__The task__.
Where the lines below hold images, skip those and copy every word exactly.

"""

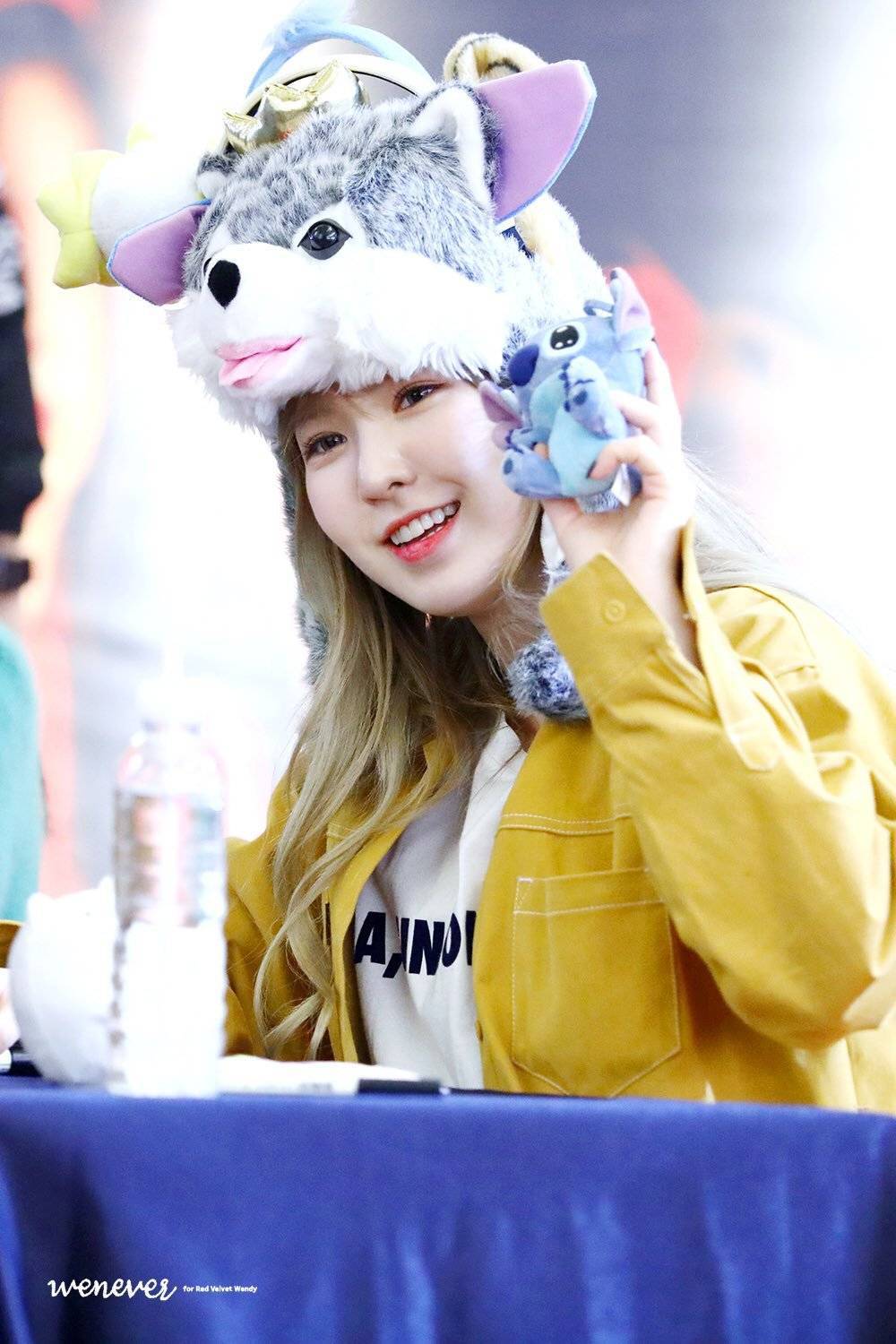 레드벨벳 웬디 머리 위에 팬들 사랑이 쌓여가는 과정 | 인스티즈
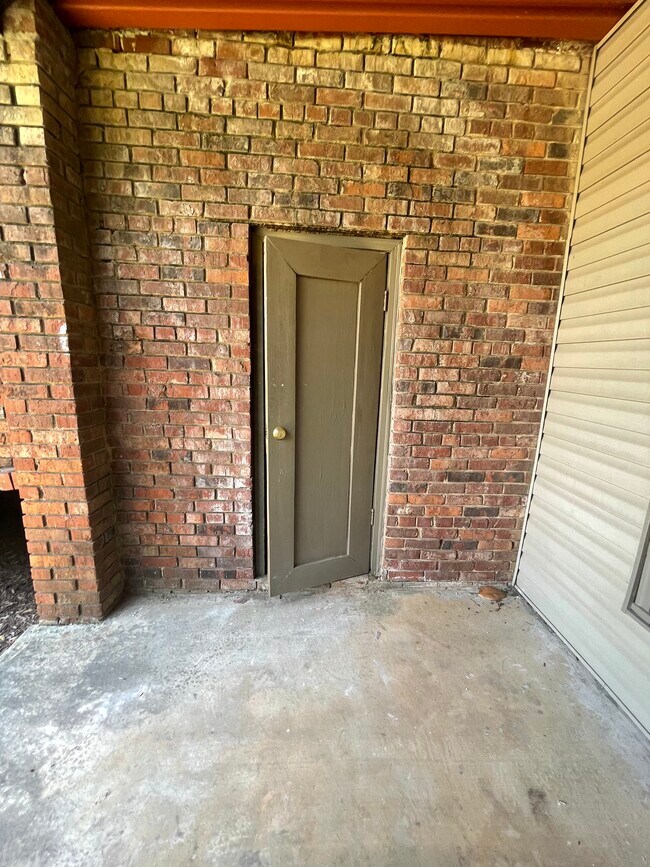 Building Photo - 3091 Colonial Way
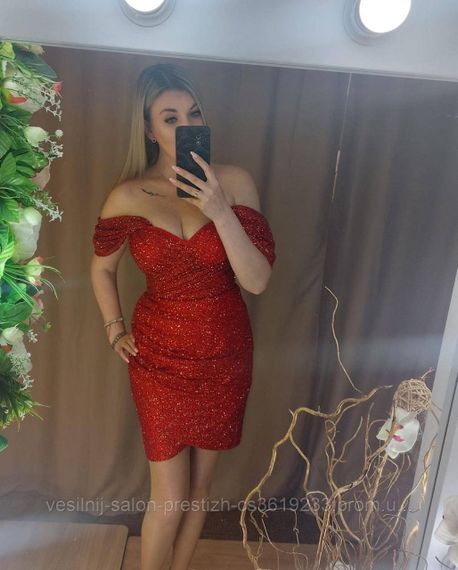 Червона сукня, довжина міні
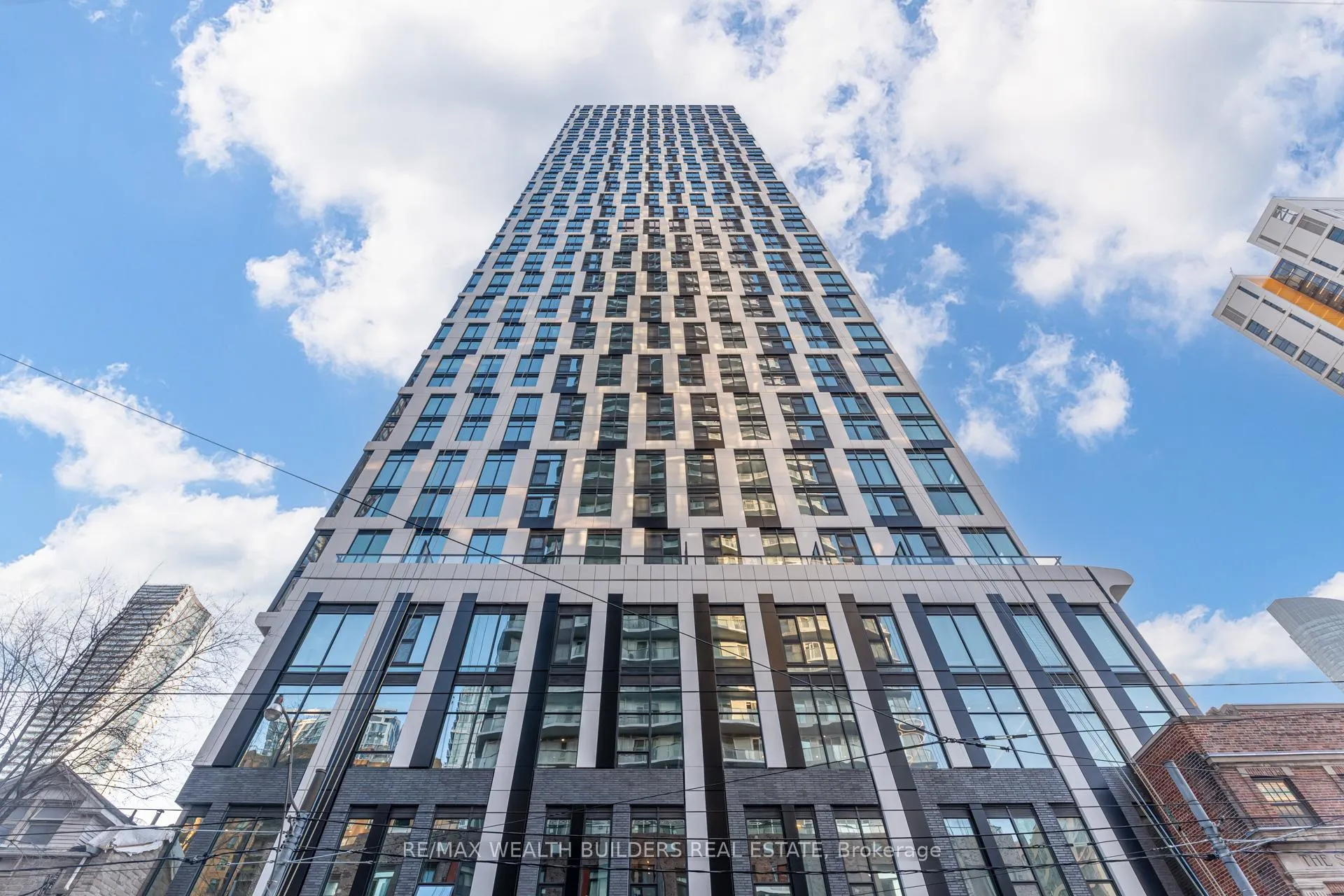 Photo 2 of Unit 2203, 252 Church Street, Toronto, Church-Yonge Corridor — HOMEH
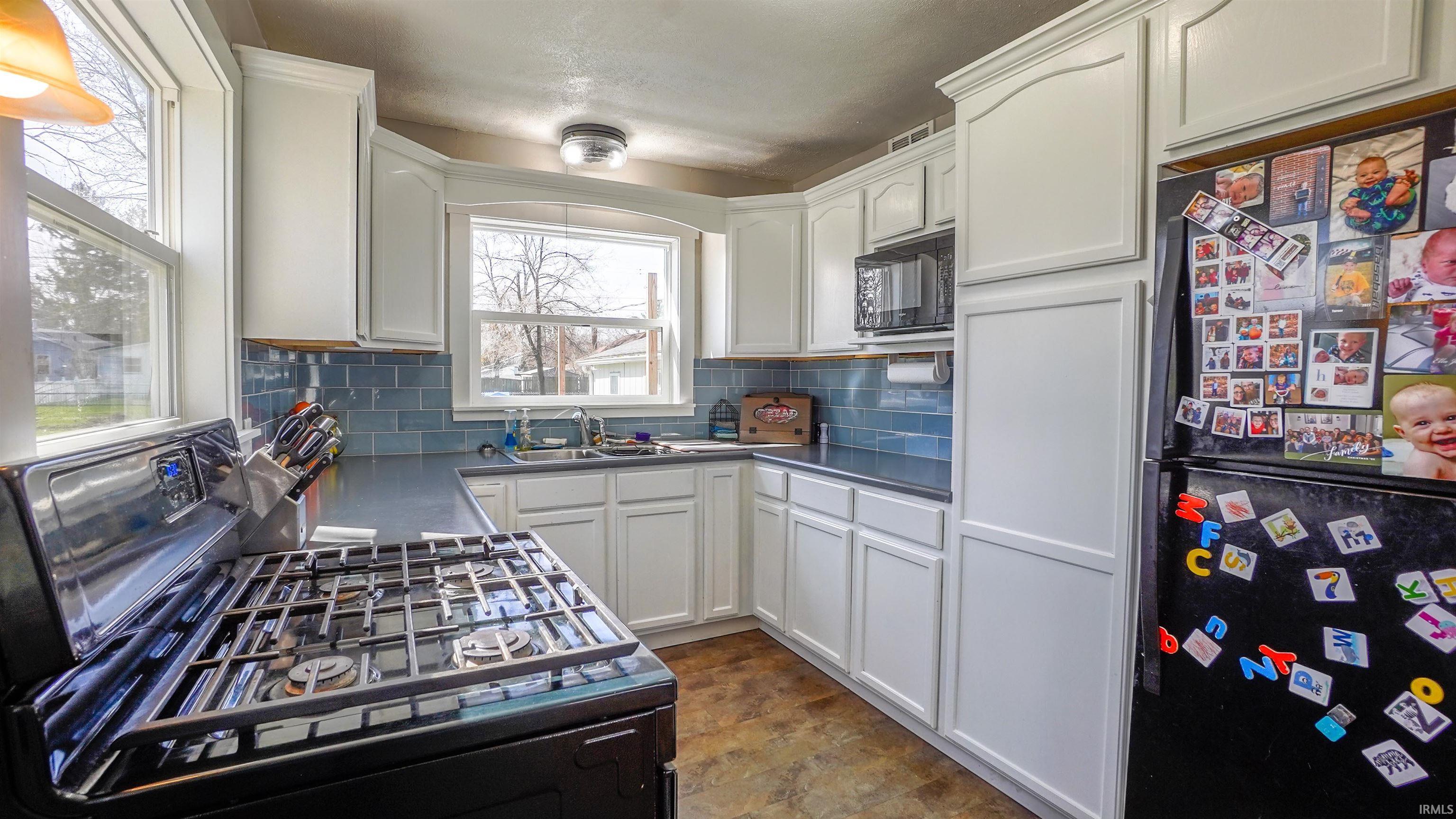 509 Magnolia Street North Judson, IN 46366 - Photo 3 of 22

"""

__Exercise response__.
 레드벨벳 웬디 머리 위에 팬들 사랑이 쌓여가는 과정 | 인스티즈
 Building Photo - 3091 Colonial Way
 Червона сукня, довжина міні
 Photo 2 of Unit 2203, 252 Church Street, Toronto, Church-Yonge Corridor — HOMEH
 509 Magnolia Street North Judson, IN 46366 - Photo 3 of 22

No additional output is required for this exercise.